> _Task requirements_
Without including any pictures, write out the data below exactly.

Captioned web image data:
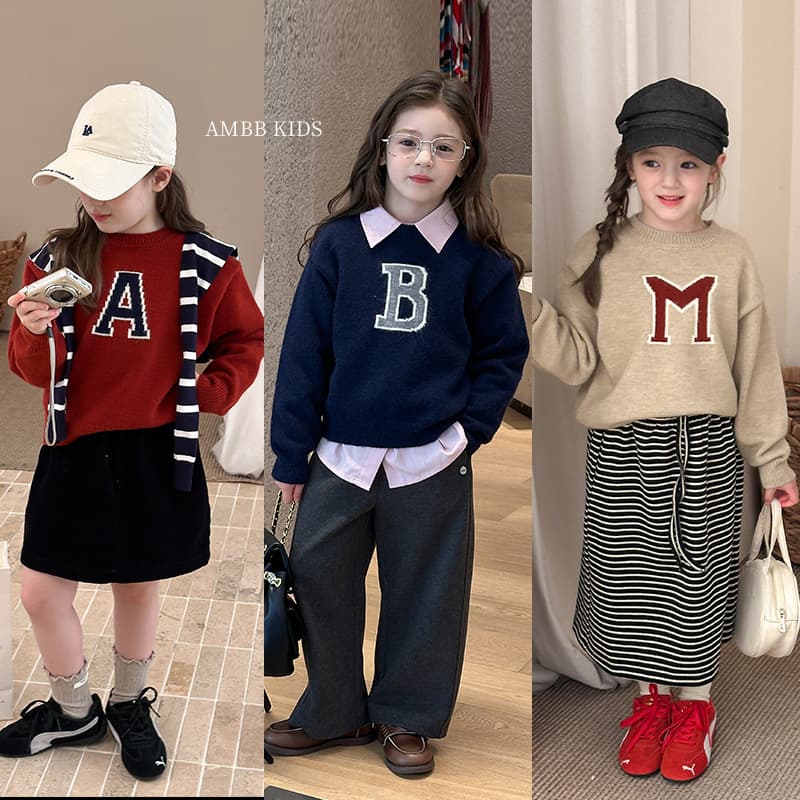 Elmo Baby 2025 Autumn Boys and Girls Baby Korean-style Loose Letter Print Pullover Sweater Children Long Sleeve Knit Top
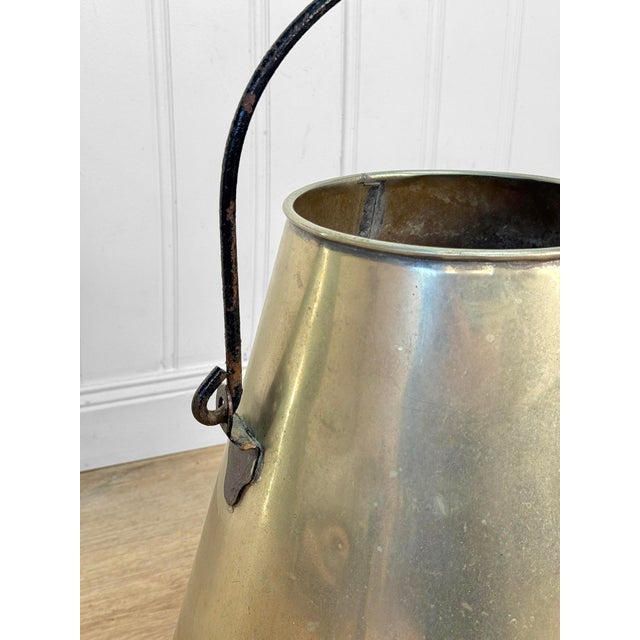 Antique Farmhouse Nickel Plated Brass Conical Cone Milking Can For Sale - Image 9 of 11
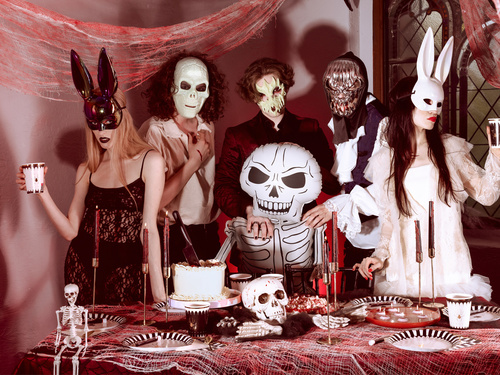 Csuklyás koponya maszk - 18.5x24.5cm - 1 db.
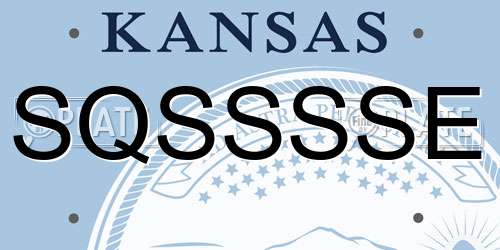 SQSSSSE Kansas License Plate
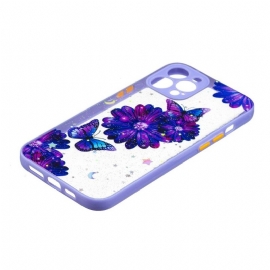 Kryt Na iPhone 12 Pro Max Fialové Květiny A Motýli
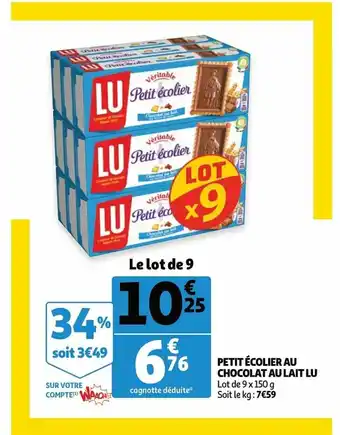 Auchan Petit ecolier au chocolat au lait lu 9x150 g aanbieding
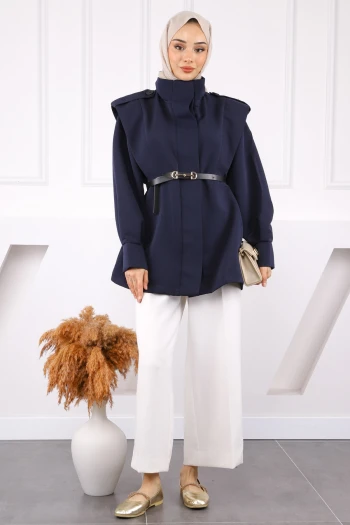 Lacivert Omuz Apoletli Kemerli Trençkot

> _Final answer_
 Elmo Baby 2025 Autumn Boys and Girls Baby Korean-style Loose Letter Print Pullover Sweater Children Long Sleeve Knit Top
 Antique Farmhouse Nickel Plated Brass Conical Cone Milking Can For Sale - Image 9 of 11
 Csuklyás koponya maszk - 18.5x24.5cm - 1 db.
 SQSSSSE Kansas License Plate
 Kryt Na iPhone 12 Pro Max Fialové Květiny A Motýli
 Auchan Petit ecolier au chocolat au lait lu 9x150 g aanbieding
 Lacivert Omuz Apoletli Kemerli Trençkot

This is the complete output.